*Data below:*
★ ★ ★ ★ ★ ★ ★

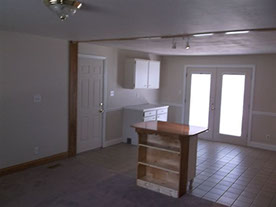 Cape Cod style, driveway, garage in rear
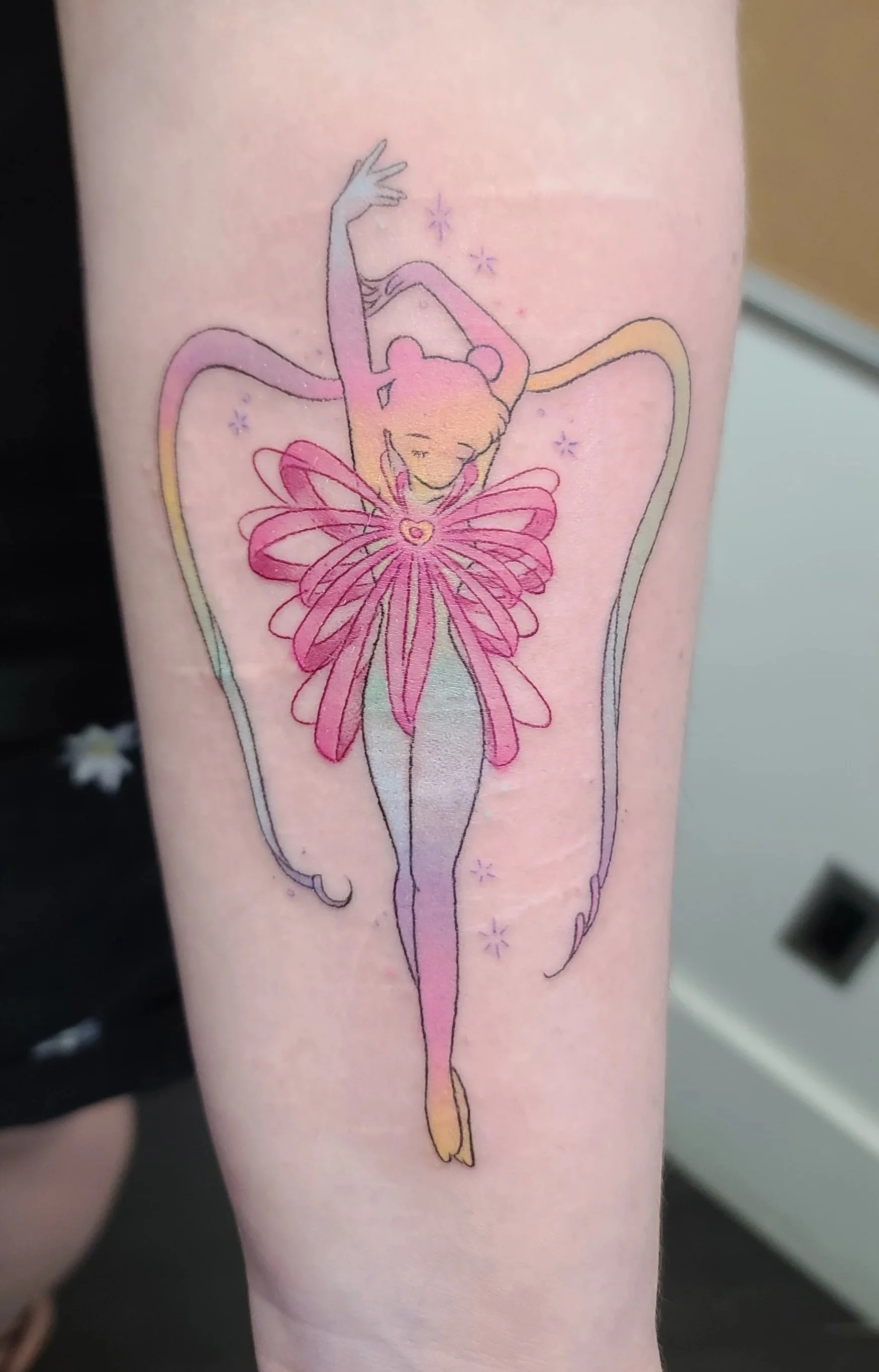 Tattoo of a ballet dancer with fairy wings, wearing a pink tutu, with her arms raised gracefully, surrounded by small stars, with a heart in the center of her chest.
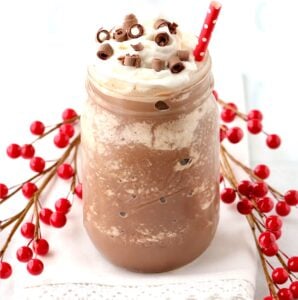 Frozen Hot Chocolate in mason jar with whip cream and chocolate curls on top.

★ ★ ★ ★ ★ ★ ★

*Exercise requirements:*
The expected output is an exact retyping of the lines from the line with "Tattoo of a" through the last line of the data, with both ends kept and the pictures dropped.

*Solution for this problem:*
 Tattoo of a ballet dancer with fairy wings, wearing a pink tutu, with her arms raised gracefully, surrounded by small stars, with a heart in the center of her chest.
 Frozen Hot Chocolate in mason jar with whip cream and chocolate curls on top.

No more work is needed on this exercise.